▶ [Goal of the exercise]: Which lines in the records below contain the word "Limited"? Return each of them.
-------- Input records
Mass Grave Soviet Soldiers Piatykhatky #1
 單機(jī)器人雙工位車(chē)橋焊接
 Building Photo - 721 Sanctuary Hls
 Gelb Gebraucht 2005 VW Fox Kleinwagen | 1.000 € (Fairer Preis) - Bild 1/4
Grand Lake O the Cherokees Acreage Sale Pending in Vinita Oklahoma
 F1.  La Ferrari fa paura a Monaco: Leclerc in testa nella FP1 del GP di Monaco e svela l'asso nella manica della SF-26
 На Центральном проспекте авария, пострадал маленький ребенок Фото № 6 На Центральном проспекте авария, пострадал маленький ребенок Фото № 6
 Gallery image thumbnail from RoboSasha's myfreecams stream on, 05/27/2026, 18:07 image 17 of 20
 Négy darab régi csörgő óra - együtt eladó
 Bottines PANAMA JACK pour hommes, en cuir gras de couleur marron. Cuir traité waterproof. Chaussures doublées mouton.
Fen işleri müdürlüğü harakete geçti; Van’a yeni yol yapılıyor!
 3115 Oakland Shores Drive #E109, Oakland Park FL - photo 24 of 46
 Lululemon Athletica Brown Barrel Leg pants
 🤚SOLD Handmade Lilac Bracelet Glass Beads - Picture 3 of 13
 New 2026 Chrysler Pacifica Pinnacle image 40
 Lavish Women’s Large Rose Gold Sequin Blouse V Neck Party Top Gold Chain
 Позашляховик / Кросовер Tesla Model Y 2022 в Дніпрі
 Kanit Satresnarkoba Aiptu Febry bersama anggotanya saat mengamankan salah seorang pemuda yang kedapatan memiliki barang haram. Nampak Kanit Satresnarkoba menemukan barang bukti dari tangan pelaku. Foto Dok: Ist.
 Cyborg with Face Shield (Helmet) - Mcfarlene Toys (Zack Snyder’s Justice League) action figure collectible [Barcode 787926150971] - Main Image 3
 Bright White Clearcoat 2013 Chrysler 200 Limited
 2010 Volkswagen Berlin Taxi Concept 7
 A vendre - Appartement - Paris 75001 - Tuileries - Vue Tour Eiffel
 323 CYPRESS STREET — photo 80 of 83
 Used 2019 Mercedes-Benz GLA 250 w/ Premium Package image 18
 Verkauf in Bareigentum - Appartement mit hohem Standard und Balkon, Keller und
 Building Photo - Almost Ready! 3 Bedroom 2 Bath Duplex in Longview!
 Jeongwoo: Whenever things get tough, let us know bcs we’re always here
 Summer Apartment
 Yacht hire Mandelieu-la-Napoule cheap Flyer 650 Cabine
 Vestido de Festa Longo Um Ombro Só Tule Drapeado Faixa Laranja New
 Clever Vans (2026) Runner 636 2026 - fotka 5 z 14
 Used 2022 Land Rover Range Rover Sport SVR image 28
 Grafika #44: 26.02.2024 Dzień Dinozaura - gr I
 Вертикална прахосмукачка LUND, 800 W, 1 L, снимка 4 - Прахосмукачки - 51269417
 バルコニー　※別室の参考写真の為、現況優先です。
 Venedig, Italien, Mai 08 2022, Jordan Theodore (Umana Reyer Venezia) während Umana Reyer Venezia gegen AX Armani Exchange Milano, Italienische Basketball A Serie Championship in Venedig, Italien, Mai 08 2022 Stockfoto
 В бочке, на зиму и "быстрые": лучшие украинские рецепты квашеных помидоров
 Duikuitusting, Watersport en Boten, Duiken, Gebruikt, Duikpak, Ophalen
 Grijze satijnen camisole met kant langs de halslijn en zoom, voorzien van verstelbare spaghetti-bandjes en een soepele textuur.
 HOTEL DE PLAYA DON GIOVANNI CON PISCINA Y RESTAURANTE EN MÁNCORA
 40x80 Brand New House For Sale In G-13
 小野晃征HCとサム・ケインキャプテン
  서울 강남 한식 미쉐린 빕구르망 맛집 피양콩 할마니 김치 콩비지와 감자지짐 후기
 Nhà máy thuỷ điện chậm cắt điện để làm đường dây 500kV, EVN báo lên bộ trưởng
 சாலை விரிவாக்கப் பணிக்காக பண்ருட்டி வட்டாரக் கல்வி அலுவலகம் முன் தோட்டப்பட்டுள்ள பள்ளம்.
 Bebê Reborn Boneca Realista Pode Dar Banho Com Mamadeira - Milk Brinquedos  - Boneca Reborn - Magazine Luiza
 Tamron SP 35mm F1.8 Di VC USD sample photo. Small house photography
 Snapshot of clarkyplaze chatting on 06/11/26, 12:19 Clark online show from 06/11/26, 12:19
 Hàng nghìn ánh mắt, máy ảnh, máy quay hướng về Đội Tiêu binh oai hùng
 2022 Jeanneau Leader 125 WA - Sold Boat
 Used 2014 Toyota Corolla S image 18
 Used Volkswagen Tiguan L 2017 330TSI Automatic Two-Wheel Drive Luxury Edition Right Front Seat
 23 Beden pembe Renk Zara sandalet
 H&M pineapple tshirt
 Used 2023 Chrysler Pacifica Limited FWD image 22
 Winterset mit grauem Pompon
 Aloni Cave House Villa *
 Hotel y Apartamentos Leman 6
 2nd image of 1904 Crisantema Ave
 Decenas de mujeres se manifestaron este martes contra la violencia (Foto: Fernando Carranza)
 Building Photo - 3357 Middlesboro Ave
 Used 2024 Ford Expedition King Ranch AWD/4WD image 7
----------------
▶ [Response below]:
 Bright White Clearcoat 2013 Chrysler 200 Limited
 Used 2023 Chrysler Pacifica Limited FWD image 22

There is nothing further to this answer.